8. You discover that pure, unadulterated terror is waving good-bye to your licensed teenage driver who is taking all of his/her siblings somewhere and traveling on the interstate.

9. As a corollary, you think you learned to pray when your children were little. When they’re teenagers, you really learn what prayer is all about.

10. The good news is that as they approach the end of the teens, they’ll actually say stuff like “Thanks for everything you’ve done for me.” Or, “I’ll pay for that.” Or my favorite, “I love you.”

Wednesday, November 6, 2013

Only A Little Bit Crazy

Isn't freshly cut grass beautiful? (Image from Wikimedia Commons)
The other day, I asked my husband Cal to edge the yard.

Cal said: “You know it’s November, right? The grass isn’t growing anymore.”

I said: “I know, but the edges are rough and I’ll have to look at uneven edges all winter.”

Cal: “Right.”

Me: “And, uh, you know, the grass could be mowed one last time too.”

Cal: “It’s dormant.”

Me: “But it’s messy looking. I could do it.”

Cal: “I’ll do it. But just so we’re clear, I’m only doing this because I love you.”

Me: “That works for me.”

Thankfully, I’m not the only one in our neighbor who’s obsessed with the final trim of the year. Our next-door neighbor had her grass cut yesterday. And the neighbor behind us was mowing his lawn late last night. Weird thing though…he was mowing in the dark. Pitch dark, without a flashlight, outside light, or even a street light.

But he was running his power mower all over the lawn. I’m wondering if he was doing it in the dark as a silent protest. As in, “The crazy wife wants me to mow even though the grass isn’t growing anymore. I’ll show that obsessive lunatic and mow in the dark. Ha, ha.” I’m looking forward to seeing their yard this morning. I can’t imagine how it will look. It’s got to be a completely random trim with patches of cut and uncut grass. I wonder if it will get left that way all winter. If so, I’m going to smile every time I see it. 

Friday, November 1, 2013

Driver's Education and Me

Our last child is learning to drive. Actually, he’s learned. We just haven’t given him the okay to get his license because…teenage boys and insurance, that’s a wallet shocker. So he has to wait until we need him to drive.
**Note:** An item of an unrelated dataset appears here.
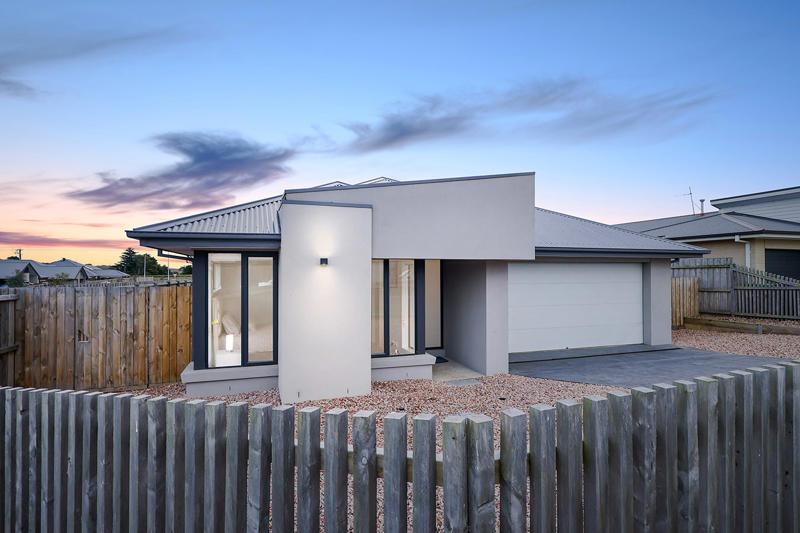 12 Yarra Dr, Warrnambool, VIC 3280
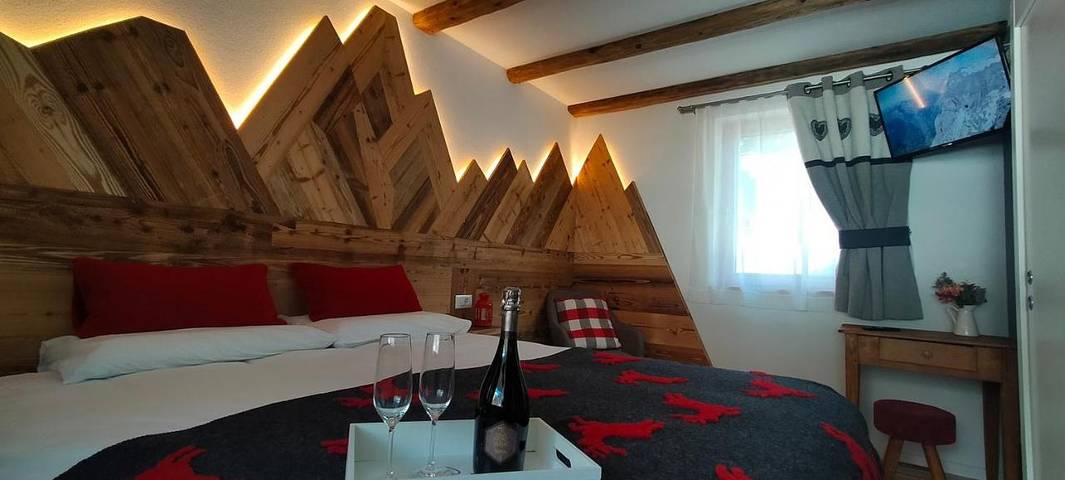 Chambre d’hôte pour 3 personnes, avec vue à Breuil-Cervinia - 3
I don’t teach the kids how to drive, Cal does. (In our state, parents are responsible to teach their kids to drive.) I started out teaching the kids, but then during one outing, I screamed. I guess there’s nothing more freaky than having your mom scream. (Nearly driving into a large ditch will do that to me.)

I’ve been known to reach over and honk at some other car. (Yes, I believe in punitive honking, but only when my kids are driving.)

I also stomp the floorboards of the car, slamming an imaginary brake. I still do this even to my fully-licensed, driving-for-years kids. But now I pretend I’m stretching my legs. Sadly, they are not fooled.

And there are all the times that I’ve done backseat driving. Cal is the official teacher, so I sit in the back. I really try to be quiet. But, well, no one in our family believes in braking. So I tell them when to brake. And I do it forcefully. I’m just trying to protect our health and well-being. But no one else sees it that way. So I get glares and heavy sighs. Now I just grab the seat in front of me and tighten my knuckles. And the driver says, “Mom, chill!”

Wednesday, October 30, 2013

You Are A Stranger

On Monday, my husband did what no person married to a faceblind person should ever do. He changed the way he looked. He shaved off almost his entire beard and mustache. (He didn’t completely shave them—he would’ve given me fair warning about that. He’s done that before, and I’d almost completely freaked because I thought he was a stranger who’d broken into my house. Thankfully, I’m very good at voice/body recognition and I don’t own a handgun.)

However, Cal did shave his beard and mustache enough that there was only a vague shadow of them. Then, he had the gall to find me and say, “I don’t I look ten years younger?”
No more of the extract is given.